Ding Points: 64.00
Pour: 70.00, Nose: 70.00, Palate: 60.00, Mouth: 70.00, Global: 60.00
Not too often one sees a wheatwine so it’s always a beer that I’m interested in. Some fairly conflicting information regarding the ABV here. I’ve read (and heard) everything between the low 7’s and 10 (Untappd has 7.6%, beeradvocate 10% and Brooklyn’s own blog 9%), so I’m really not sure what the truth is. Part of the draft only, Brewmaster’s Reserve series, this came from Hop City in Atlanta, GA and I took a 32 oz growler of it.
Pour is not much more than a golden, macro lager affair and after a decent head initially, it drops off to give no head and very little lace.
Nose has a big, fruity, juicy-fruit chewing gum note and this carries into the taste too. However, the tastes feel really light and weak in comparison to the nose. Lacks much depth at all, and really fails to deliver on a promising aroma.
There’s quite a lot of pear esters across the front of the beer, but to be honest this drops off very quickly to give a watery effect. The problem here appears to be the lack of body and the overly-light touch. It’s once thing for a beer to be light and drinkable, but for such a (generally) heavy hitting style I’m looking for so much more depth and flavor. There are some yeast notes that make the beer feel more like a Belgian, and in a blind taste test I would probably categorize this as a Tripel. A slight taste of white pepper – I suppose?!

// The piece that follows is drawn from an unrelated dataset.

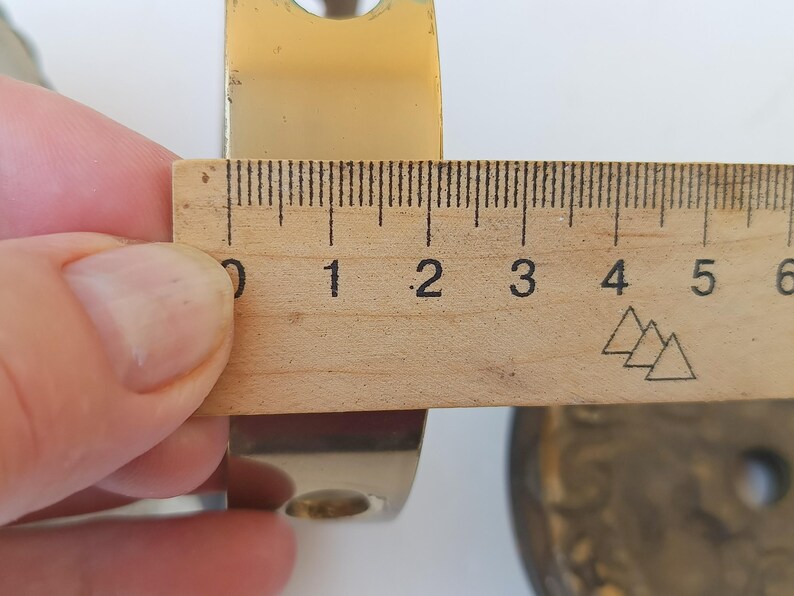 May include: A polished gold-tone metal bracket with a curved profile and circular mounting holes. A wooden ruler is positioned against the bracket, showing a width measurement of approximately 2.25 inches across the metal surface.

The finish is equally thin and the beer leaves me with a solvent aftertaste that is not good. Frankly this is a pretty disappointing beer, especially by Brooklyn standards and it really lacks presence. DELIGHTED I didn’t buy twice as much in a traditional growler because I would have REALLY regretted that! Brooklyn generally delivers a much higher standard than this. It ended up not really a wheatwine, not really a BSPA and not really a Tripel so it missed on a number of counts for me. The alcohol seemed to build and ultimately gave me a bit of a headache.